# THE TASK
Return each line of the material below exactly. Begin at the first and end on the line with "Custom Cat Photo".

# DATA FOR ANALYSIS

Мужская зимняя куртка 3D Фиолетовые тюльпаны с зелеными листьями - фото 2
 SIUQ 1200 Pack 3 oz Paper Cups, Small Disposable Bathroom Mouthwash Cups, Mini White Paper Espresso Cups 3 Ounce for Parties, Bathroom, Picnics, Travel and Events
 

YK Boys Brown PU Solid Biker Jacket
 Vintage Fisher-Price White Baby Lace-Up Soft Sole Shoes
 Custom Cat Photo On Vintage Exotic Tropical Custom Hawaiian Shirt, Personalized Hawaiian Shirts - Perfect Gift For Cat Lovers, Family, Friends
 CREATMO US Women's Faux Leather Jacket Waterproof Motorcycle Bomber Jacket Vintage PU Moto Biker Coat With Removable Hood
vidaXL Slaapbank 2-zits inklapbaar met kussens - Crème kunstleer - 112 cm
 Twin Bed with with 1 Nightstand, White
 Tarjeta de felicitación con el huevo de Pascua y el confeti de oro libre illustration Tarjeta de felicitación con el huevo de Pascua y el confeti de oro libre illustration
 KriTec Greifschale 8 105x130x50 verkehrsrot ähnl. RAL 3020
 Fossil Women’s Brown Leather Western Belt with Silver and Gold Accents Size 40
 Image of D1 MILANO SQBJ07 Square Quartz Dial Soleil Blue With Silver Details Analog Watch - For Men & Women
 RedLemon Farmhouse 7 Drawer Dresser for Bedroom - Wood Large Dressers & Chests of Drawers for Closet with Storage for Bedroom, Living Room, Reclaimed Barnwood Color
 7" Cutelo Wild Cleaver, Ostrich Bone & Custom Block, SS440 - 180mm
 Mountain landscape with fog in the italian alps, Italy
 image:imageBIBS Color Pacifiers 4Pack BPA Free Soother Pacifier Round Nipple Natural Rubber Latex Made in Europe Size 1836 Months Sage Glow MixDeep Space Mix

# EXPECTED OUTPUT
Мужская зимняя куртка 3D Фиолетовые тюльпаны с зелеными листьями - фото 2
 SIUQ 1200 Pack 3 oz Paper Cups, Small Disposable Bathroom Mouthwash Cups, Mini White Paper Espresso Cups 3 Ounce for Parties, Bathroom, Picnics, Travel and Events
 

YK Boys Brown PU Solid Biker Jacket
 Vintage Fisher-Price White Baby Lace-Up Soft Sole Shoes
 Custom Cat Photo On Vintage Exotic Tropical Custom Hawaiian Shirt, Personalized Hawaiian Shirts - Perfect Gift For Cat Lovers, Family, Friends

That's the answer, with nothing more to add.